Lesson 3 Light and Shadow

Now that you've had a chance to play with your new pencils and watch lots of horses we are going to play around with the one thing that can really give life to a drawing.

Light Firstly, natural light comes really from one source, the sun. It can be subtle on an overcast day, or smashingly stark on a bright day. What it really does for us is to show us how massive and round and powerful a horse is. By mastering the use of strong light ("chiaroscuro "is the arrangement of light and dark in a work of art) we can simplify the whole animal with just a few shadows.
Late Afternoon There are sorts of primaries and secondaries and I've done a few doodles to show you. Now the key to this new super tool is to make sure that the direction from whence the light comes does not change in your drawing. One little trick is to simply lay a pencil flat on the paper and pretend it is a ray of light, then you can see what areas of the horse would not get the light on them and they are then in the shadows. For prime viewing of super shadows and dramatic effect, the late afternoon, almost evening is great light for art.
Noon A great deal of mood can be generated with the use of light and what time of day it is. Noon can really feel hot in a drawing... it is sort of non-directional time of day and it can give that "captured" feeling. This is hard to explain, but one exercise that is the most useful to you is to plan a day (or over a couple of days) and at certain times draw your horse in the same place but with different angles of light. maybe you can get a friend to help you by providing the model and she can have one of the drawings! Once you start doing this, you will decide what time of day had the effect you like best. (Light differs from season to season as well. Visit a spot at the barn in December, March, June, and September and you will see a difference as well.)

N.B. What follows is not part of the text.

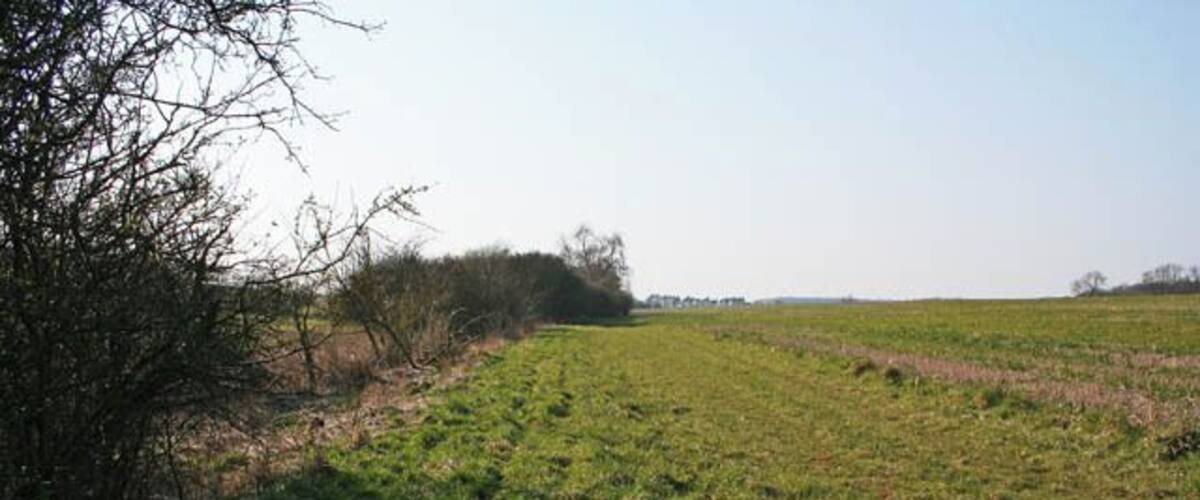 A grassy field with a tree line and distant trees.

Getting some shadows on the horse also requires that we anchor him to the ground (remember my favorite word). Here again use an extra pencil and lay it on the paper to be the ray of light. Keeping it in the same angle figure out where the shadow of the body will hit the ground by using it like a ruler. Then you have a little pattern to show the shadow of the horse on the ground.

Another aspect of light we will only touch lightly here is reflected light. This is always there in varying degrees and if you were doing the basics of the egg, the box,, etc. you would have to show it. In horses it shows up most in color work. For instance, the belly of a white horse will reflect the color of the ground underneath him. If he is on a light surface such as sand, his underbelly, inner legs and throat will have shadow but with lots of detail. Go look at Yo Yo on my home page. This is a good example if I do say so myself!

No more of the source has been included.